How dotCMS Runs in Kubernetes
Multi-site governance inside the cluster. A single dotCMS deployment in Kubernetes can host dozens or hundreds of sites under shared governance. Each site has its own permissions, workflows, and audit trail, but they all share the same upgrade path, observability stack, and compliance posture - this is what makes dotCMS relevant for organizations that would otherwise run a separate CMS instance per brand or region.

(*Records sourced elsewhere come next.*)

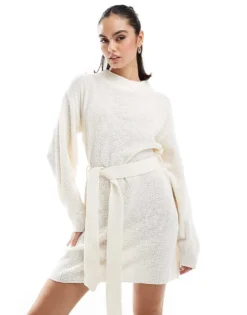 Glamorous Belted Jumper Mini Dress In Bone For Women -Glamorous Shop 207770951 1 bone 1
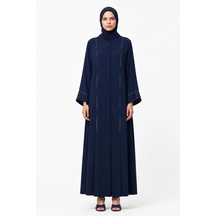 Nazzain Lacivert Dubai İpeği Minimal Taş Detaylı Abaya Çok Renkli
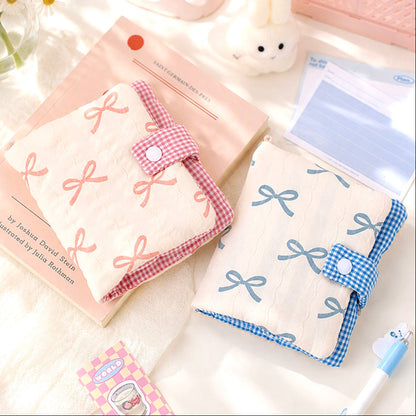 Pocket Size 5-Ring Binder Notebook | Fluffy Fabric Cover | Dream Ribbon Bow Notebook
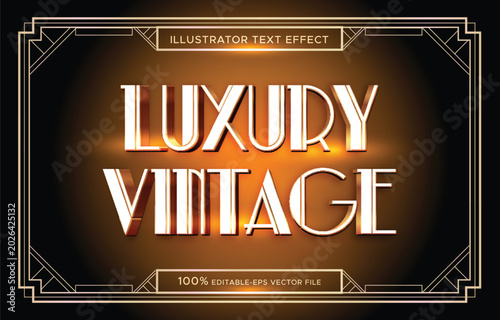 luxury vintage frame art deco style font text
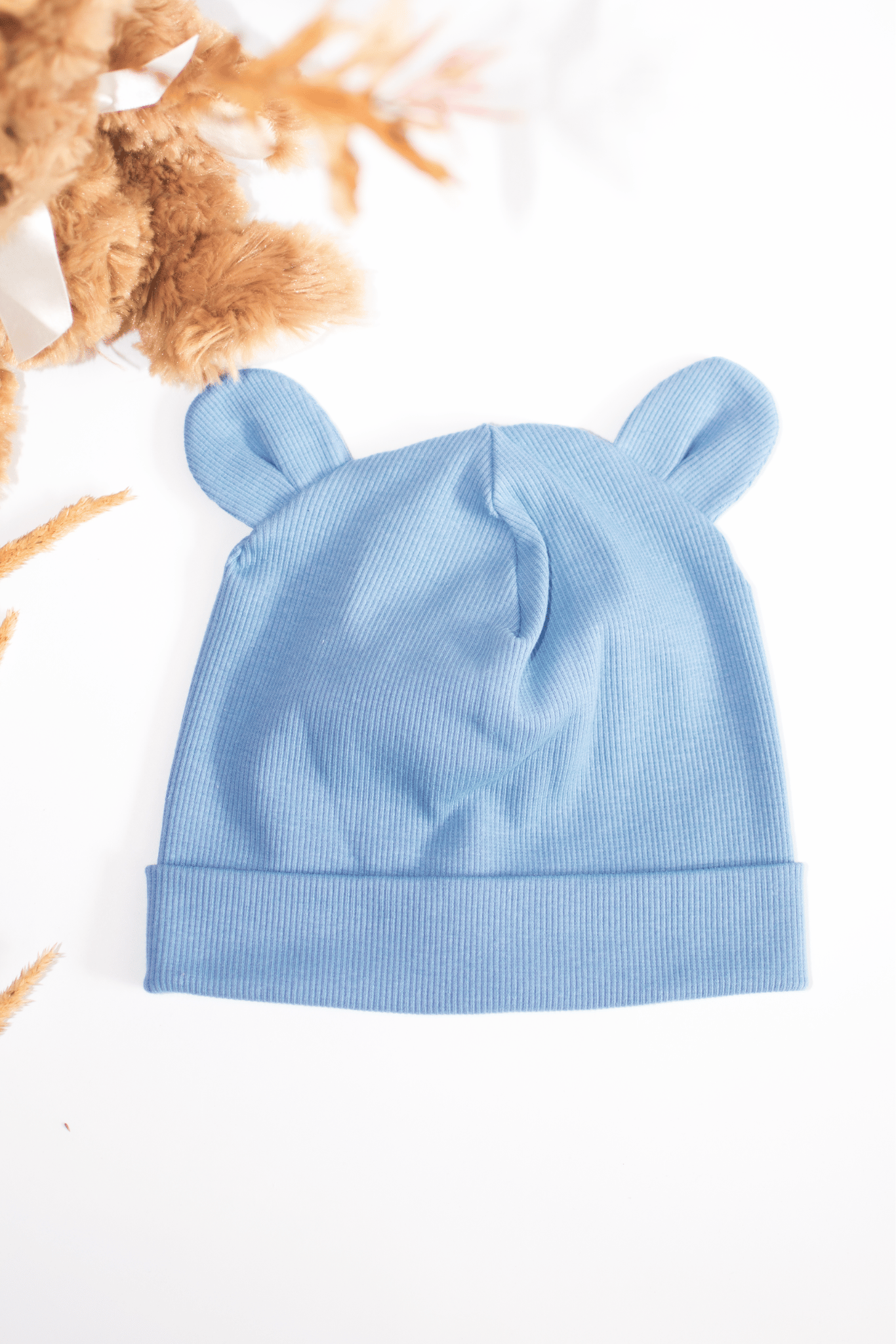 Denim spalvos RIB kepurės ir šaliko/movos meškiuko komplektai vaikams - Stiliaus detalė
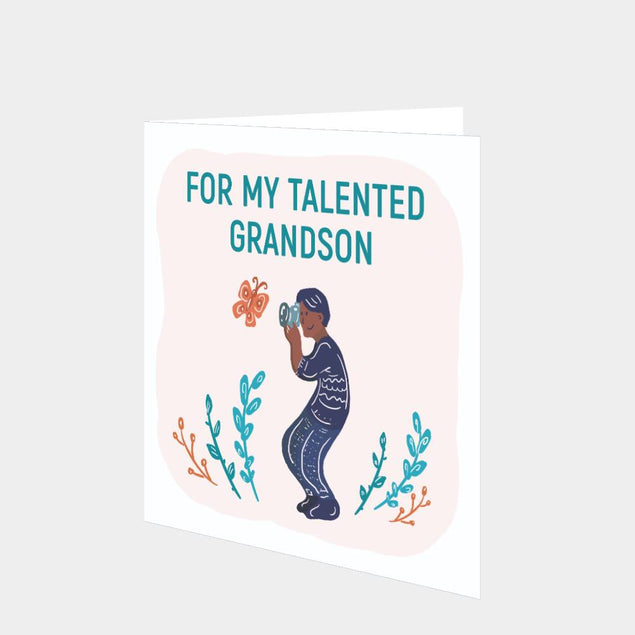 For My Talented Grandson Cartoon Card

Universal Visual Editor without external dependencies. The Universal Visual Editor, used by marketers and content owners to edit pages in context, runs inside the dotCMS deployment with no external SaaS service it depends on. For air-gapped clusters or sovereignty-constrained environments, this matters: the editorial experience doesn't break when egress is locked down.
Container orchestration patterns. dotCMS runs as a Java application inside a standard container. Horizontal scaling, self-healing, and rolling deployments work the same way they do for any other Java workload in the cluster - see Container Orchestration: Running dotCMS in Kubernetes for the specifics.
Frequently Asked Questions
Can I run dotCMS on managed Kubernetes services like EKS, AKS, or GKE?
Yes. dotCMS runs on any conformant Kubernetes distribution - EKS, AKS, GKE, OpenShift, Rancher, or self-managed clusters on bare metal. The Helm charts are distribution-agnostic, and the application has no provider-specific dependencies.
What database and search backends does dotCMS need in a Kubernetes deployment?
dotCMS uses Postgres for content and configuration, and Elasticsearch or OpenSearch for content indexing. Both can run as StatefulSets inside the cluster for non-production environments, or as managed services (RDS, Aurora, Azure Database for PostgreSQL, Amazon OpenSearch) for production. Asset storage typically uses S3-compatible object storage.
Should the application tier scale horizontally?
Yes. dotCMS application pods are stateless when configured with externalized sessions and asset storage. Horizontal Pod Autoscaler can scale them based on CPU, memory, or custom metrics. The shared state - database, search, object storage - sits outside the application pods.
How does GitOps work with dotCMS?
The dotCMS Helm chart values file lives in a Git repository alongside any custom manifests. ArgoCD or Flux watches that repository and reconciles changes against the cluster. Configuration changes flow through a pull request rather than imperative kubectl commands.
Can I run dotCMS in an air-gapped Kubernetes cluster?
Yes. The container images, Helm charts, and database can all be mirrored to an internal registry. dotCMS does not require outbound calls for core operation or license validation. Verify any AI features or third-party integrations against your specific egress policy before relying on this generally.